Ennahda says will not impose Islamic banking

Tunisia's moderate Islamists have triumphed in the first elections held after the onset of the Arab Spring, setting the tone for the electoral contests that are in the offing in a region where blazing uprisings over the last 10 months have toppled entrenched dictatorships.

The Islamist Ennahda party won 90 seats in the 217-member Assembly, which will write a new Constitution, appoint an interim government and prepare for fresh parliamentary and presidential elections, probably within a year. The leftist Congress for the Republic (CPR) won 30 seats and the centre-left Ettakatol won 21 seats, announced elections chief Kamel Jendoubu on Thursday. These elections held on Sunday, where 90 per of the registered voters polled, followed a popular uprising which ended decades of authoritarian rule led by Zine el Abidine Ben Ali.

Analysts say Tunisia's election results are likely to resonate in Egypt, which goes to the polls on November 28.

Ennahda's much-expected strong showing has raised concerns about the party's supposedly tepid commitment to principles of secularism and gender equality. But addressing these fears, Ennahda leader Rachid Ghannouchi said after the results were announced his party stood opposed to discrimination among nationals. “We will continue this revolution to realise its aims of a Tunisia that is free, independent, developing and prosperous in which the rights of God, the Prophet, women, men, the religious and the non-religious are assured because Tunisia is for everyone.”

Prime Minister Beji Caid Sebsi told Egypt's Al-Ahram daily that the Ennahda had done nothing that made him doubt the party's adherence to secularism and democracy. “I can't judge intentions, that's up to God,” said Mr.
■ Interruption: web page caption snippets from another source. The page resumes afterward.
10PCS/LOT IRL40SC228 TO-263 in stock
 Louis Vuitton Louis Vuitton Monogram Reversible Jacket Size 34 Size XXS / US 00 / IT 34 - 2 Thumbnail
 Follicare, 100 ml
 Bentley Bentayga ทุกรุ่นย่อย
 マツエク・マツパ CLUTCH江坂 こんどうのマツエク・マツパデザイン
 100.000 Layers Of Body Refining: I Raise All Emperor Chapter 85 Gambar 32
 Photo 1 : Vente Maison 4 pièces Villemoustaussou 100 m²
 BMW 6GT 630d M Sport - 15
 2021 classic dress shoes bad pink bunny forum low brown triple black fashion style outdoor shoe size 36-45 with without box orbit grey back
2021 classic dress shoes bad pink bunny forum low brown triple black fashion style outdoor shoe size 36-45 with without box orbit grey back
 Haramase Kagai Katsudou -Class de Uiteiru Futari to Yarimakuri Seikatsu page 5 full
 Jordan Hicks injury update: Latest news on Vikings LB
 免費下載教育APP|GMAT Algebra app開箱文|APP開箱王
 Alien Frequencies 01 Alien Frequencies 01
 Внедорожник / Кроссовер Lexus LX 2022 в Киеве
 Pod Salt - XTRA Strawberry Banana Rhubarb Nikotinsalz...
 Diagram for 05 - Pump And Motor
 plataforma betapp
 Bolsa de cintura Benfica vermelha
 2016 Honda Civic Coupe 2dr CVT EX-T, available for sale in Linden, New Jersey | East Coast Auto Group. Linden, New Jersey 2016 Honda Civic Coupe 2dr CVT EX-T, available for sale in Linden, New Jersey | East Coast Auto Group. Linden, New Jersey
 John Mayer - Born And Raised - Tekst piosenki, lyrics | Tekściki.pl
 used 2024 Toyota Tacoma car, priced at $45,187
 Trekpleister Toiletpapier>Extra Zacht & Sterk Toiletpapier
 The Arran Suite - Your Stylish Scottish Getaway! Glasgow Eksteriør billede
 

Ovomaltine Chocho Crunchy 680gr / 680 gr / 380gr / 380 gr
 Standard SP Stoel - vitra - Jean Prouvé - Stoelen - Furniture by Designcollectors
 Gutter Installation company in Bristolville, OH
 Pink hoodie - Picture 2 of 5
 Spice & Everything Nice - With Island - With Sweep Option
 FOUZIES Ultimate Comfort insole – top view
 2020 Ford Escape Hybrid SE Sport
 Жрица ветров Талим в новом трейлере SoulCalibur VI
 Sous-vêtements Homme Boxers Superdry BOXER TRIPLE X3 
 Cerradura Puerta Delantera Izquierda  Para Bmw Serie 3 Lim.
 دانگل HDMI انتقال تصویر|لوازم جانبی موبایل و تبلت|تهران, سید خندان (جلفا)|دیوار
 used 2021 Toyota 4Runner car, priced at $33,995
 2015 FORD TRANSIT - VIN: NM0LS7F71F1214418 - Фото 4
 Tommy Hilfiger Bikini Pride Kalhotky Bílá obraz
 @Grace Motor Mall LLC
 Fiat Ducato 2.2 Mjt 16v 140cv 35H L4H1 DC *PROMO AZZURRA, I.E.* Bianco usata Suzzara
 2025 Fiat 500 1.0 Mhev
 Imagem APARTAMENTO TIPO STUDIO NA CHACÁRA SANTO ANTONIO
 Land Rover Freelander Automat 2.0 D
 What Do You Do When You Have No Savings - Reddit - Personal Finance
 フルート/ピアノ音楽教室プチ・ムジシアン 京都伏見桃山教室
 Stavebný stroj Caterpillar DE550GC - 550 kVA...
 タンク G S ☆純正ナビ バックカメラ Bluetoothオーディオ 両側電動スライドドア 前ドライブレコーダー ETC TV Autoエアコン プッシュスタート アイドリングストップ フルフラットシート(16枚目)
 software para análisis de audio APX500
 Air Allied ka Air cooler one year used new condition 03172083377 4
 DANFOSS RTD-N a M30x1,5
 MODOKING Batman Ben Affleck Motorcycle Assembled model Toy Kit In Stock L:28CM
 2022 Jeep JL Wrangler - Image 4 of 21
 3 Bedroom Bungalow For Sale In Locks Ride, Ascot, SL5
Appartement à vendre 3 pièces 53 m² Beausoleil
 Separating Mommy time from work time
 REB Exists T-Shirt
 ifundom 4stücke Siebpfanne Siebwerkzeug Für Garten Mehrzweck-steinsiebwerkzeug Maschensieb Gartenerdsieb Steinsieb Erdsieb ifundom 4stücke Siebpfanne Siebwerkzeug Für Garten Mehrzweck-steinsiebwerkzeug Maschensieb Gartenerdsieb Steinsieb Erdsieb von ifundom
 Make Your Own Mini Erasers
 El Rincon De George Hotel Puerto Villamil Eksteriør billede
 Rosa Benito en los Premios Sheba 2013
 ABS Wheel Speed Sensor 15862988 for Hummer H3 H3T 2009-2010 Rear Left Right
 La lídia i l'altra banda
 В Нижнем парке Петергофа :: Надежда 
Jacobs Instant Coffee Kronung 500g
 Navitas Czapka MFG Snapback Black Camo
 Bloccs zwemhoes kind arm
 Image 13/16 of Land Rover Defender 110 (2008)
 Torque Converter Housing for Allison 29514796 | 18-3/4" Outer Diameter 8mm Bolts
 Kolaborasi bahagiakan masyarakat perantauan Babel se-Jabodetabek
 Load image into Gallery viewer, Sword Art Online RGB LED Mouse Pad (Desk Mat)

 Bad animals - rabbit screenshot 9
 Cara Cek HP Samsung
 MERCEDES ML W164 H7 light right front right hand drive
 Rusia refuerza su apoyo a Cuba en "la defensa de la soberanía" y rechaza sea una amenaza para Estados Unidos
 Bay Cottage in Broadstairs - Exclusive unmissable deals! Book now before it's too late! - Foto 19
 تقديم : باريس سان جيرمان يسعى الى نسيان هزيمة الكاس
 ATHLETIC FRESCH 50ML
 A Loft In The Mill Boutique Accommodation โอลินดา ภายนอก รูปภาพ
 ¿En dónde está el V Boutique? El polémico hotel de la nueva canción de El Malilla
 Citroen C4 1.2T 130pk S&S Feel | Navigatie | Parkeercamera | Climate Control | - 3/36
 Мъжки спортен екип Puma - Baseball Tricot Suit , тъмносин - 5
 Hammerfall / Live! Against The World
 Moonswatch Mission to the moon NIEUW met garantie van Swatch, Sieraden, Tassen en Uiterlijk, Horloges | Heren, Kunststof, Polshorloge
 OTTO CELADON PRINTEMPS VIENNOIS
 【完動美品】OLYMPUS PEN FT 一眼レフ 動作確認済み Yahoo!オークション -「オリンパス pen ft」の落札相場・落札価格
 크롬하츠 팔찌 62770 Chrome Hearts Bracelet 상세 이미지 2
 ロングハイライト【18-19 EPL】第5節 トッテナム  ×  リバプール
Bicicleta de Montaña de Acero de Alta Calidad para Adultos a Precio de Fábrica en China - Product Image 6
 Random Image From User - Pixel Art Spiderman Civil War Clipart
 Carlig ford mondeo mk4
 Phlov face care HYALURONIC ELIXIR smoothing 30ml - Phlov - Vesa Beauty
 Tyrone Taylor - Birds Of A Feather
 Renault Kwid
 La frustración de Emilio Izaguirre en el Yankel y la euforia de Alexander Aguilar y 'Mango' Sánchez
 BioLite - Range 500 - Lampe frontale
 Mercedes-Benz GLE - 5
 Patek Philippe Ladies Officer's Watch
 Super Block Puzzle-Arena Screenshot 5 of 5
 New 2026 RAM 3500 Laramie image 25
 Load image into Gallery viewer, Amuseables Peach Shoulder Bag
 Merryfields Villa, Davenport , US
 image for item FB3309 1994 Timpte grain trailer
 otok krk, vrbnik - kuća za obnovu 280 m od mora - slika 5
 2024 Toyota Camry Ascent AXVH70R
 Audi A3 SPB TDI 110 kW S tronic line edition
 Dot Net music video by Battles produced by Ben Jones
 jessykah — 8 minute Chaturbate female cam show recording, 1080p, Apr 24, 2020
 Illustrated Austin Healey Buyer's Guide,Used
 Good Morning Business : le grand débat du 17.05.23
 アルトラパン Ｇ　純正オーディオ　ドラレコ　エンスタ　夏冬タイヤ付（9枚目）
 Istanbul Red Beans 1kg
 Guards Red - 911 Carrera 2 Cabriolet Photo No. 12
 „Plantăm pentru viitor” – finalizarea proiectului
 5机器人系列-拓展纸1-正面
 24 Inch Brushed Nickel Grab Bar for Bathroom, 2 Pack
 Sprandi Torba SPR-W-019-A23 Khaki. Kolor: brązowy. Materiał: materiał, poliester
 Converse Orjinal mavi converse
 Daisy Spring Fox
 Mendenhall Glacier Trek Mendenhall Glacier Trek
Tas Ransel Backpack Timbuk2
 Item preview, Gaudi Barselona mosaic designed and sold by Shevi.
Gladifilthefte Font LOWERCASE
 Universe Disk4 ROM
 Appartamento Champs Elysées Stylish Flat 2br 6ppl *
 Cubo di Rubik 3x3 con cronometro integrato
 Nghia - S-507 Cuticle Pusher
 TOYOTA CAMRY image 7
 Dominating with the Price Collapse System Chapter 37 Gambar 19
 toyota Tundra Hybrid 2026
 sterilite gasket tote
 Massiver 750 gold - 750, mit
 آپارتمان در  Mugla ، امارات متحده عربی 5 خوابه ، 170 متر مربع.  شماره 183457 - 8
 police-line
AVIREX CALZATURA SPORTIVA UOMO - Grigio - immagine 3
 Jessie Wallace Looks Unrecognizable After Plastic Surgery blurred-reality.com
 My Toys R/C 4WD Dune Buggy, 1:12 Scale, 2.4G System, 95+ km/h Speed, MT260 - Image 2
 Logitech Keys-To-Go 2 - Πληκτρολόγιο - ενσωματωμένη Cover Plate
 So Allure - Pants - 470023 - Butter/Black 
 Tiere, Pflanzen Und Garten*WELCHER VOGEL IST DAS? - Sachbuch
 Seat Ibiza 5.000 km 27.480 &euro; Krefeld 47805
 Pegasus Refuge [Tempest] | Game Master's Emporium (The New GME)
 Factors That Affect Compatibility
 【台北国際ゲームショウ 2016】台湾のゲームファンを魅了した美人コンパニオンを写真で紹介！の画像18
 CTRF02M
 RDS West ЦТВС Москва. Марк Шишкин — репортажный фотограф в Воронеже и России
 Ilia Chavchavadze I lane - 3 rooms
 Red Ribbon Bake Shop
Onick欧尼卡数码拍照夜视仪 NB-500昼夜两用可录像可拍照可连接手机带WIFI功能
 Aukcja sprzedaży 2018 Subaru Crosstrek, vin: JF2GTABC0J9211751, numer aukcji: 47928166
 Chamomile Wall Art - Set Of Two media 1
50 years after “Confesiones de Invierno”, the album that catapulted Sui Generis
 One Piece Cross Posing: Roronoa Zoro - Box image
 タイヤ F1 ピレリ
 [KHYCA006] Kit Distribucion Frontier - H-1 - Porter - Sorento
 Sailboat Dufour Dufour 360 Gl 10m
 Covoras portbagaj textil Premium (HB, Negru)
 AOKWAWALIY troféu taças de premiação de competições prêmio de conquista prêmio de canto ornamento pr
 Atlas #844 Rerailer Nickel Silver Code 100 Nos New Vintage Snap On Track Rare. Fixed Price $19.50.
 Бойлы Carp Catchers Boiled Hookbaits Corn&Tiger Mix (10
Sebsi. But he added: “I can only judge by what's public and so far it's positive. At the end of the day, no one can come and change things completely.”

The Prime Minister said he was hopeful that Ennahda “will rule intelligently and deal with reality. It is not necessarily a dark force. Tunisia will continue to move forward and not go against history.” To reassure foreign investors, Ennahda has declared that it would not impose Islamic banking.

Despite its strong showing, the Ennahda would be seeking an alliance to establish a stable coalition — a condition unlikely to allow it to foist a sectarian agenda. Neither the CPR nor the Ettakatol, which have trailed Ennahda, has opposed participation with the Islamists in a broader coalition. Even before the final results were out, the Ennahda had declared its intent to form an inclusive interim government.

Notwithstanding the assurances, the results provoked some violence. Around 2,000 supporters of the Areedha Chaabiya marched on the Ennahda headquarters in Sidhi Bouzid, the cradle of the Tunisian uprising, after election officials, citing financial irregularities, cancelled seats won by the right-wing party. Crowds also set on fire an Ennahda office in Meknassy, 50 km from Sidi Bouzid. Ennahda supporters are holding remnants of the former regime responsible for the violence in Sidi Bouzid, where a night-curfew has been imposed.